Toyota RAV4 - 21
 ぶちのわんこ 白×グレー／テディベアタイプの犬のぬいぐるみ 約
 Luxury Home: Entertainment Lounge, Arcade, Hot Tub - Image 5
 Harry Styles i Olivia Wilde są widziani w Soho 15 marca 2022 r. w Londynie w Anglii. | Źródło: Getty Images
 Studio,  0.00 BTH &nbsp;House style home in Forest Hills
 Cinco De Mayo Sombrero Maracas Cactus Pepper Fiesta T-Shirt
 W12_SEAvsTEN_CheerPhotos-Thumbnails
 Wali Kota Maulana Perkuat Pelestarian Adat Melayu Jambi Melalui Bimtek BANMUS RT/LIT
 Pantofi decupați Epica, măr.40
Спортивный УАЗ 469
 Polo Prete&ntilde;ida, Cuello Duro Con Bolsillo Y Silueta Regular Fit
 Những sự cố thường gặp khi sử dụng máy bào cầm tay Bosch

--------------------

### TASK:
Print the line with "ぶちのわんこ 白×グレー／テディベアタイプの犬のぬいぐるみ 約" and every line after it in the entries above, exactly as written. Leave out all other lines.

### YOUR SOLUTION:
 ぶちのわんこ 白×グレー／テディベアタイプの犬のぬいぐるみ 約
 Luxury Home: Entertainment Lounge, Arcade, Hot Tub - Image 5
 Harry Styles i Olivia Wilde są widziani w Soho 15 marca 2022 r. w Londynie w Anglii. | Źródło: Getty Images
 Studio,  0.00 BTH &nbsp;House style home in Forest Hills
 Cinco De Mayo Sombrero Maracas Cactus Pepper Fiesta T-Shirt
 W12_SEAvsTEN_CheerPhotos-Thumbnails
 Wali Kota Maulana Perkuat Pelestarian Adat Melayu Jambi Melalui Bimtek BANMUS RT/LIT
 Pantofi decupați Epica, măr.40
Спортивный УАЗ 469
 Polo Prete&ntilde;ida, Cuello Duro Con Bolsillo Y Silueta Regular Fit
 Những sự cố thường gặp khi sử dụng máy bào cầm tay Bosch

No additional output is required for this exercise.